After about twenty-five to thirty passengers had disembarked from Flight 138, appellants Buenaventura and Quiroz left the plane and entered the lounge area of the airport. The two were conversing as they left the plane, but they separated when they entered the terminal. Quiroz walked briskly toward the escalator leading down to the baggage area. Buenaventura followed about fifteen to twenty paces behind. Agent Whitmore testified that Buenaventura looked as though he was trying to keep Quiroz in view as he trailed behind her. Buenaventura also glanced about him as he walked through the terminal. Upon reaching the escalator, Quiroz paused before stepping on it. When Buenaventura reached the escalator, he paused to allow several passengers to pass him before he stepped on the escalator himself.

*32 After reaching the bottom of the escalator, Quiroz walked straight to the baggage claim area where she had to wait about ten minutes for her bags to arrive. Agent Whitmore perceived her to be nervous and frustrated as she waited for the baggage. Meanwhile, Buenaventura remained outside the baggage claim area, “millpng] about”.

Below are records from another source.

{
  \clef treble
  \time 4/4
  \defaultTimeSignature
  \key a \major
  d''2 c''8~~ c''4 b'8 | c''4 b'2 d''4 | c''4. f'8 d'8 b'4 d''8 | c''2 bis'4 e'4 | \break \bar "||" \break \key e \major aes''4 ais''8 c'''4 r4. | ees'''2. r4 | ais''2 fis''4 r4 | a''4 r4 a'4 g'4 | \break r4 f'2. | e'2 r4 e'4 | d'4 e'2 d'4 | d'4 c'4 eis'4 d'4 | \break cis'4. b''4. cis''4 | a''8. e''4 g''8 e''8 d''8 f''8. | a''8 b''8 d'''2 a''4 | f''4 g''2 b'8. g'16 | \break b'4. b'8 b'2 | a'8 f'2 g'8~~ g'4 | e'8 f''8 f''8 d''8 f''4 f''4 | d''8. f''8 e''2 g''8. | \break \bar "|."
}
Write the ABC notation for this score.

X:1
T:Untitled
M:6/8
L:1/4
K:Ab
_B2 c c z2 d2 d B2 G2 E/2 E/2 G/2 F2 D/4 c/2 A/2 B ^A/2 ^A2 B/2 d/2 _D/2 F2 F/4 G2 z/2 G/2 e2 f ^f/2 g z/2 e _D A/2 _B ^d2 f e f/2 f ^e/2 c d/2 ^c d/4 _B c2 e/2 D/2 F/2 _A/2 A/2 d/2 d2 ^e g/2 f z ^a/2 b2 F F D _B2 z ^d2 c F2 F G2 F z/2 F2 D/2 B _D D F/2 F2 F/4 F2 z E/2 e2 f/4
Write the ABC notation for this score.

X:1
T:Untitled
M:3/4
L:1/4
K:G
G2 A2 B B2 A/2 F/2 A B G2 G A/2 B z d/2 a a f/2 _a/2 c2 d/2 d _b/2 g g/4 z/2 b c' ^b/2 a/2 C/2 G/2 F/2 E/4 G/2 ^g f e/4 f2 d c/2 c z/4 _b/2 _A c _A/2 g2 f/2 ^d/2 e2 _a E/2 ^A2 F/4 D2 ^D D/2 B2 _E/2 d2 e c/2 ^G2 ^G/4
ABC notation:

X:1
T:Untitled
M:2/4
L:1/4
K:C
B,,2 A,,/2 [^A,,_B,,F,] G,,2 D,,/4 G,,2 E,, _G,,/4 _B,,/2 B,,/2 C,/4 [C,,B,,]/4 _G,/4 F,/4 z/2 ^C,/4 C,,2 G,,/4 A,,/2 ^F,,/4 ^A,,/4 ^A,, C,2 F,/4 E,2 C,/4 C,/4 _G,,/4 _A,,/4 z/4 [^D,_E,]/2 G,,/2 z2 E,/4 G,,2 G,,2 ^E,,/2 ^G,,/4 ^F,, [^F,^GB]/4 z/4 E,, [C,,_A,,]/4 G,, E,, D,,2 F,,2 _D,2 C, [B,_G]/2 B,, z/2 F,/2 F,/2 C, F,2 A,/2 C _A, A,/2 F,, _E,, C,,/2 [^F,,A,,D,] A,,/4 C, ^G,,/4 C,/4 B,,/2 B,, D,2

After her luggage arrived, Quiroz proceeded to a taxi stand outside the terminal. Buenaventura followed Quiroz, joined her in the taxi line, and began conversing with her again. At this point the agents made the investigatory stop. 6

II.

Before evaluating the specific facts of this case, we believe that it may be helpful briefly to review several Supreme Court decisions which provide a framework for analyzing an airport investigatory stop. Our review begins with Terry v. Ohio, 392 U.S. 1 (1968). The Court in Terry held that a law enforcement officer has the power to detain a person temporarily for the purpose of interrogating him even if the officer does not have “probable cause” to make a complete arrest. If the officer reasonably suspects that the detainee has committed or is about to commit a crime, then the officer may make an investigatory stop. Id. at 20-24. In Terry a police officer stopped three men whom he had observed “casing” a downtown Cleveland store. Two of the men had walked back and forth some twenty-four times along an identical route in front of the store, pausing each time to stare in the same store window. The Court upheld the constitutionality of the stop and subsequent frisk, since the officer had been “able to point to specific and articulable facts which, taken together with rational inferences from those facts, reasonably warrant that intrusion.” Id. at 21 (footnote omitted).

While Terry established that the objective standard required to justify an investigatory stop is less than probable cause — -indeed, the standard has been characterized as “rather lenient” 7 — the standard nevertheless is more than a mere paper tiger. In two recent cases, the Supreme Court has made it clear that the standard does have teeth.

Delaware v. Prouse, 440 U.S. 648 (1979), dealt with the grounds upon which police officers may make investigatory stops of automobiles.